# The data
○ ○ ○ ○

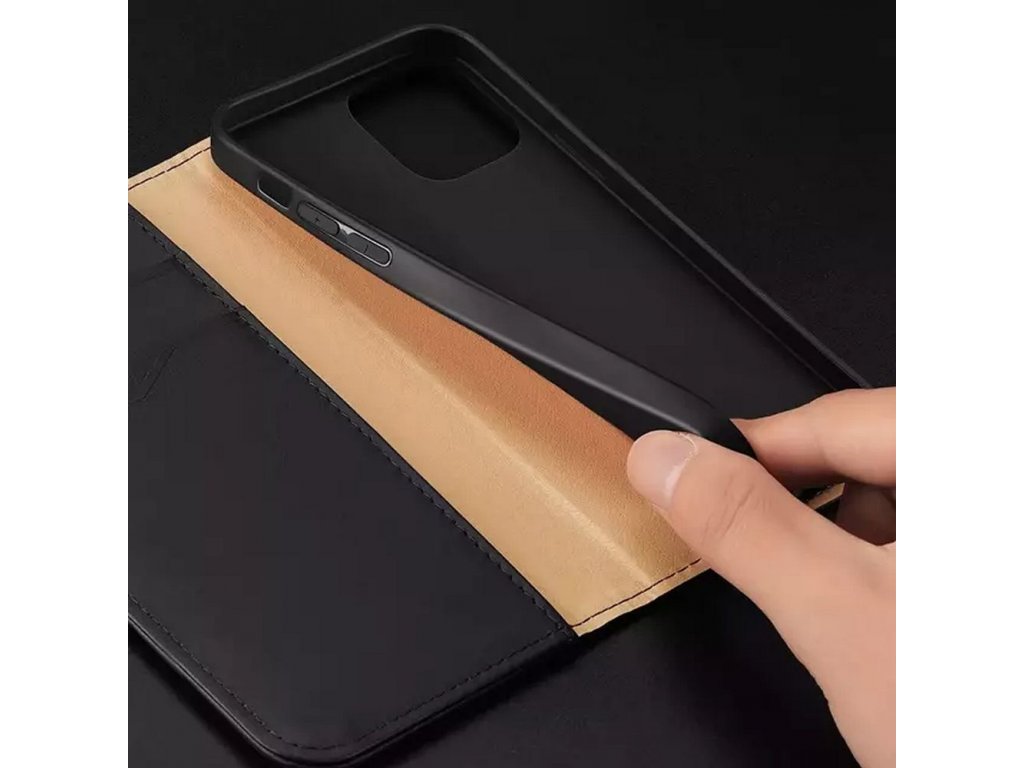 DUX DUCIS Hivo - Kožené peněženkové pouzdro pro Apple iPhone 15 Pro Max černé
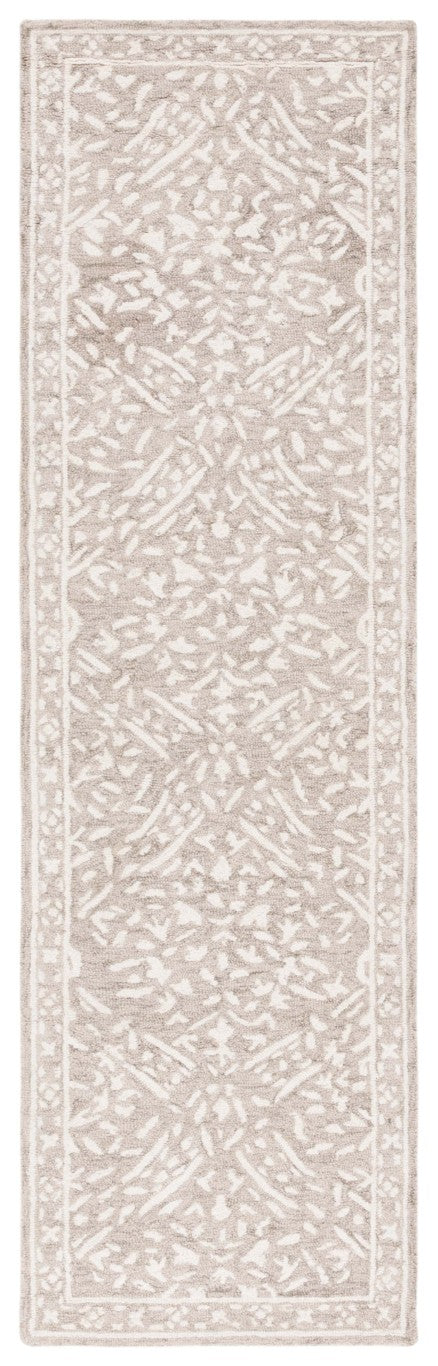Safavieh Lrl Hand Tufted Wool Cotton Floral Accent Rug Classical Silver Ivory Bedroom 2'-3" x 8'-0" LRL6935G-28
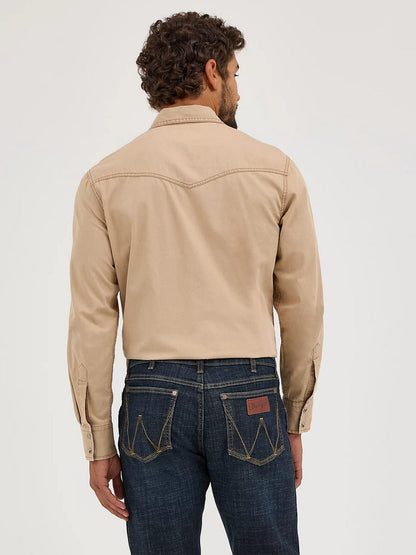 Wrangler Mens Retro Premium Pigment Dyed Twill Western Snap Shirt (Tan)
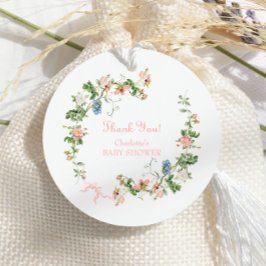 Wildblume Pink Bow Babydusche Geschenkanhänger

○ ○ ○ ○

# What you should do
Print the material above once more, exactly, minus the pictures.

# Task result
 DUX DUCIS Hivo - Kožené peněženkové pouzdro pro Apple iPhone 15 Pro Max černé
Safavieh Lrl Hand Tufted Wool Cotton Floral Accent Rug Classical Silver Ivory Bedroom 2'-3" x 8'-0" LRL6935G-28
 Wrangler Mens Retro Premium Pigment Dyed Twill Western Snap Shirt (Tan)
 Wildblume Pink Bow Babydusche Geschenkanhänger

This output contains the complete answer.